I can’t say I really knew the man, but did interview him on two occasions and both were memorable. In 1980, Republicans captured control of the Senate for the first time in memory in the election that saw a slew of western senators, Stevens included, elevated to committee chairmanships. Stevens went on to run the Appropriations and Commerce Committees with a loud voice and a fast gavel and, of course, with a slab of bacon for the Last Frontier always first in his mind.
I was producing public television programs in 1980 and some how was able to convince the boss to send me and a photographer (current Idaho Public Television General Manager Peter Morrill) to Washington to do an hour-long special on the newly powerful GOP. Stevens graciously sat for an interview and gave the yokels from Idaho plenty of his time.
Years later I was working on a piece for Montana Magazine on the late, great Montana Senator and Majority Leader Mike Mansfield. I’d been told by a former Mansfield aide that I really needed to get to Stevens who, the aide assured me, would tell me a great story about his relationship with the famous Montanan.
Thanks for my old boss, Cecil Andrus, who had clashed many a time with Stevens over Alaska issues, but who nevertheless maintained a healthy respect for the senator, which Stevens reciprocated, I was able to connect with Stevens on the phone.
He told me a remarkable story of how, as a freshman senator, Mansfield has shown him an unprecedented degree of respect and courtesy and imbued Stevens with the notion that every single member of the Senate has a right to be taken seriously on every single issue. He ended by saying, in words I’ll never forget coming from a Republican about a Democrat, “Mike was the best leader the Senate has ever seen.”

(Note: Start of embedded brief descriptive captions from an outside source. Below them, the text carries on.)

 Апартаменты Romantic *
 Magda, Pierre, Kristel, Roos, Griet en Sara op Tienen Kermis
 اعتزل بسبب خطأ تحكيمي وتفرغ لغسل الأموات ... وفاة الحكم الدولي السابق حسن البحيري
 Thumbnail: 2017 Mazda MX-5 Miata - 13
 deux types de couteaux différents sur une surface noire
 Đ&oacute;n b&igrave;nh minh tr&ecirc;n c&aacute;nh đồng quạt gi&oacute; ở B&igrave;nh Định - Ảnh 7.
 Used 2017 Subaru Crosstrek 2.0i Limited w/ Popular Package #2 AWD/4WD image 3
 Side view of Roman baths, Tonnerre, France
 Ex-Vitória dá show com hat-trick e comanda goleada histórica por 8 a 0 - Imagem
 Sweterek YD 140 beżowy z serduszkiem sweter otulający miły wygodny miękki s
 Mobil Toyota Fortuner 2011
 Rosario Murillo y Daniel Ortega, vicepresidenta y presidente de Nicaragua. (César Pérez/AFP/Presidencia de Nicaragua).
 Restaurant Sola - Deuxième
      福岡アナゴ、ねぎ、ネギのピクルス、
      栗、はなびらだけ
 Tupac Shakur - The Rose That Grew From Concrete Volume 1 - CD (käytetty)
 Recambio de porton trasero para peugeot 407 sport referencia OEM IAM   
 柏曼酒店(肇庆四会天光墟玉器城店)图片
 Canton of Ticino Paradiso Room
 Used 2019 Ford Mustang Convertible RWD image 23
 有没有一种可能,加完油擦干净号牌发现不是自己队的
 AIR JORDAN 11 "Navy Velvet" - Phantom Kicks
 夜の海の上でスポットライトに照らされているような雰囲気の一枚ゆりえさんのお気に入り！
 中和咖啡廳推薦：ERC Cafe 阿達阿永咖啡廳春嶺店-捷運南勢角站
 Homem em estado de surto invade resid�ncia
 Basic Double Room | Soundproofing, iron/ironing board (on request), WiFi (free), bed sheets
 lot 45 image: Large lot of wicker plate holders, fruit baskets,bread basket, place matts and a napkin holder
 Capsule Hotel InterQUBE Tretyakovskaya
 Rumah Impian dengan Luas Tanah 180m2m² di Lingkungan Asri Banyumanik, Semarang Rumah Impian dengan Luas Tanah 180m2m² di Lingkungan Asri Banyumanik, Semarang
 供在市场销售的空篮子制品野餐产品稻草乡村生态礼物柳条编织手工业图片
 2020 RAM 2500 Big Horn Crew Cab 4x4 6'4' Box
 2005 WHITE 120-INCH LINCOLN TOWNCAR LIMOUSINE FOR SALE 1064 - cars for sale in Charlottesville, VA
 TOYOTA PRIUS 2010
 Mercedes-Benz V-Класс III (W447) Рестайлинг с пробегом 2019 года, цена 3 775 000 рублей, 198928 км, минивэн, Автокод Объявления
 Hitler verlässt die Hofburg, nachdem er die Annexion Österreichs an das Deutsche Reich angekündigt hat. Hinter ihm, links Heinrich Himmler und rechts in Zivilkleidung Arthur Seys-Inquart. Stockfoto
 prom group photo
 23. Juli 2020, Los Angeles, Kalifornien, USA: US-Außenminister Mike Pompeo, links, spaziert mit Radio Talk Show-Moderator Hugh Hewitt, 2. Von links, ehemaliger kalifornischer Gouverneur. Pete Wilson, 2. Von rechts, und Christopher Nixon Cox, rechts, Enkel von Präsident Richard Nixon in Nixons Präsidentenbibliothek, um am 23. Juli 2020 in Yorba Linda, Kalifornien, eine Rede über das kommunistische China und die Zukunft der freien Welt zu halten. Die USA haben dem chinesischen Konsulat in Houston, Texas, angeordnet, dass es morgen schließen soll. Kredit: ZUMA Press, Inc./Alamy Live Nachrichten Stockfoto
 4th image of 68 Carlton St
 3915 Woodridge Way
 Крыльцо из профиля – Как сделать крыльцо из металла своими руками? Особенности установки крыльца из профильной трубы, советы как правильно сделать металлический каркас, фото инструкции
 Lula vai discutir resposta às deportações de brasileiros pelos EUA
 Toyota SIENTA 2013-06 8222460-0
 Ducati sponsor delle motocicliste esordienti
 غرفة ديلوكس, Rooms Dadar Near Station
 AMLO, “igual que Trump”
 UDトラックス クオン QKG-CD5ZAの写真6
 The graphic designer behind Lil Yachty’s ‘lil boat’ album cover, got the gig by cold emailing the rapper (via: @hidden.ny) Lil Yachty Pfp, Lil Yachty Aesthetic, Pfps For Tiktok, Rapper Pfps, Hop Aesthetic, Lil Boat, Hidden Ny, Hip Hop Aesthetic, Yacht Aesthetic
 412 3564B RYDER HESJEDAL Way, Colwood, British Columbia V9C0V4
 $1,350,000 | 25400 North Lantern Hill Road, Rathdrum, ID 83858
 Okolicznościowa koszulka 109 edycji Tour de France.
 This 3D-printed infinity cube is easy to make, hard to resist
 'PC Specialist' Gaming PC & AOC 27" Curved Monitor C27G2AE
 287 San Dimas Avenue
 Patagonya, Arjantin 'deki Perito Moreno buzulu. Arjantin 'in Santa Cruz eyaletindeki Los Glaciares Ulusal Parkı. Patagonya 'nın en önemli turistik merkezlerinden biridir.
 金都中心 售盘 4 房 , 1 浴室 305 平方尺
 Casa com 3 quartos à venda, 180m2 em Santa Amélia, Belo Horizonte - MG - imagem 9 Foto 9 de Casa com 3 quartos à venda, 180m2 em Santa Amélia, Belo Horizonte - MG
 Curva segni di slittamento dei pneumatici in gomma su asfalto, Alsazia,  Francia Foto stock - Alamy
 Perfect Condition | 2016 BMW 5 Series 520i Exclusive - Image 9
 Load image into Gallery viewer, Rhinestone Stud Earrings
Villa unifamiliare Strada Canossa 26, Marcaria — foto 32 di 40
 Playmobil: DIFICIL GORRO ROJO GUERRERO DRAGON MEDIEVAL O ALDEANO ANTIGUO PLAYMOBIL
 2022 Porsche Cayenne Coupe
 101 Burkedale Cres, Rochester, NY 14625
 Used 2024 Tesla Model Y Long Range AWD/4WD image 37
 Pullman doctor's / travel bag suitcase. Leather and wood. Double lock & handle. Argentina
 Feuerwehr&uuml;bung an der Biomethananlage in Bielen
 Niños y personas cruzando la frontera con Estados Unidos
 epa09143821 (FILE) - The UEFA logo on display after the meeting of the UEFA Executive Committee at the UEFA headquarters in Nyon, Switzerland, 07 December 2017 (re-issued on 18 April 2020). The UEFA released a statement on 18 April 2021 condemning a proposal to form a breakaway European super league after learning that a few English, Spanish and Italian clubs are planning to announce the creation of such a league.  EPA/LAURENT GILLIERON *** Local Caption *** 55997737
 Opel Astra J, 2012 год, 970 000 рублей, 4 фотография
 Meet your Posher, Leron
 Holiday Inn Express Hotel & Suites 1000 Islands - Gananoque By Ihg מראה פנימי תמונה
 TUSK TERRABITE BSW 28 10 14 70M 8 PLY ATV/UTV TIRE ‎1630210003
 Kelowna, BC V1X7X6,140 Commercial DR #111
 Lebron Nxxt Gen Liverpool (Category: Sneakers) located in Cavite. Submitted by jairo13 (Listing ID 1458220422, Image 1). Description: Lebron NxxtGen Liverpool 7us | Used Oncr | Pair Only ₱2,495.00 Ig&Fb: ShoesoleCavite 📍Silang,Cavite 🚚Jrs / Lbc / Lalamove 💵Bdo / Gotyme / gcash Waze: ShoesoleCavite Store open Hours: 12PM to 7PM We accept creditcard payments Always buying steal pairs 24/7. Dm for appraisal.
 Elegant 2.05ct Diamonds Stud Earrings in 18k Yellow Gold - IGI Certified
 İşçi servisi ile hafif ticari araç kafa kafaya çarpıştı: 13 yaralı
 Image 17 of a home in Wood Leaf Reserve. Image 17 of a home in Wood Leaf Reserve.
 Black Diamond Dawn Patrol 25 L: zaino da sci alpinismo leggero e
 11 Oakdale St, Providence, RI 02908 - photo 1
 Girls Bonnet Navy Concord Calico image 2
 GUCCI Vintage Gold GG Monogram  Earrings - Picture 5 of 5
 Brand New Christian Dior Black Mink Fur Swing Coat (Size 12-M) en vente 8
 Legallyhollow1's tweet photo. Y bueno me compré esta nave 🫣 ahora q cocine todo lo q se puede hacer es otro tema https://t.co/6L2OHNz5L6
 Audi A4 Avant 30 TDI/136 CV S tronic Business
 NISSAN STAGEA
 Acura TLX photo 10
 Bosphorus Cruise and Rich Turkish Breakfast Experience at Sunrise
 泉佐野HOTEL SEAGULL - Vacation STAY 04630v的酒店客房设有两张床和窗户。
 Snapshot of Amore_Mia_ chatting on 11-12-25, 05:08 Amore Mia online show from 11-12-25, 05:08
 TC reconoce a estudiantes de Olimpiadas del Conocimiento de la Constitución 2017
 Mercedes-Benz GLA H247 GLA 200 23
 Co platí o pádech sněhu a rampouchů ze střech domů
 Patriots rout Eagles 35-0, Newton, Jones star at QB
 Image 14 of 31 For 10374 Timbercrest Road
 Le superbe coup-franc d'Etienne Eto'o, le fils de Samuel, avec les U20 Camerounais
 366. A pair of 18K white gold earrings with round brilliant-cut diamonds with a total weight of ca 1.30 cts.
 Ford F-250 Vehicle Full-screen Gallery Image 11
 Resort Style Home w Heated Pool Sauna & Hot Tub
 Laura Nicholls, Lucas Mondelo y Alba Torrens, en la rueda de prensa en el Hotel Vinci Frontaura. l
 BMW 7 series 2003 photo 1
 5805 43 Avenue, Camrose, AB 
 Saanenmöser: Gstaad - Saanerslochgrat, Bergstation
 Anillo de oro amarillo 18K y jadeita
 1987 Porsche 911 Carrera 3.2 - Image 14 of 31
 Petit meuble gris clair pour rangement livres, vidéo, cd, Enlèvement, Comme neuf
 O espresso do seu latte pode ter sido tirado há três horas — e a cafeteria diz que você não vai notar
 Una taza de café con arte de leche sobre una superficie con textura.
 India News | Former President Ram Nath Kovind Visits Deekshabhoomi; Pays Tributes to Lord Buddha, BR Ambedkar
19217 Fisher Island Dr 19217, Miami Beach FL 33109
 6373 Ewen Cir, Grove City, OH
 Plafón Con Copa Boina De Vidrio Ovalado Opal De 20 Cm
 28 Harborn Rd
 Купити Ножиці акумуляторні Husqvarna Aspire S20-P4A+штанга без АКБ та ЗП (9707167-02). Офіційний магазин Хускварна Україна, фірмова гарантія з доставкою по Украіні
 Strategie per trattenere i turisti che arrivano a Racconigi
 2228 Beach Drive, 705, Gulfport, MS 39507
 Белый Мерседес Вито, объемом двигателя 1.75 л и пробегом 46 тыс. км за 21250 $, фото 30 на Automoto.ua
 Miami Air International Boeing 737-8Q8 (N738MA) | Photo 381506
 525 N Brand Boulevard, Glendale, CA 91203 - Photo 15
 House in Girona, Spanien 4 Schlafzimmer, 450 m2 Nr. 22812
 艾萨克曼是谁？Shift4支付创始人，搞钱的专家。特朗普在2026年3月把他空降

Ted Stevens was tough on environmentalists and those who dared to cross him. He was a champion of the earmark back before speaking ill of federal appropriations became a litmus test for every politician. By one count, Stevens had a hand in nearly 1,500 earmarks over his Senate career worth more than $3.4 billion. Like his friend the late Robert Byrd, Stevens came to the Senate to take care of his state and that meant appropriating money for projects back home.
He was, as has been said of lesser men, not always right, but seldom in doubt. Stevens once proclaimed, while chairing the Appropriations Committee, “I’m a mean, miserable S.O.B.”
On another occasion, he said: “I didn’t lose my temper. I know right where it is.”
Ted Stevens was also part of a vanishing breed, a throw back to the Senate of Mansfield and Jackson, Church and Baker, Long and Dole. Theirs was a Senate were, once in a while, serious legislation got considered and past without the incredible partisanship displayed today by both parties.
Much will be made of the fact that Stevens’ death came in a plane crash, the same awful circumstance that claimed his first wife and nearly killed him in 1978. Considering his eventful life, including flying Army Air Force transports over “The Hump” in the Himalayas ferrying supplies from India to China in World War II, it seems like a eerily fateful ending to more than eight decades.
In his Senate farewell, Stevens summed up his career: “To hell with politics, just do what’s right for Alaska.” That’s pretty much how he’ll be remembered, I suspect.
With Byrd’s death earlier this year, we’ve now seen the passing of two old and tough Senate bulls, a type not around any more. They’ll both be remembered for a long time – and should be.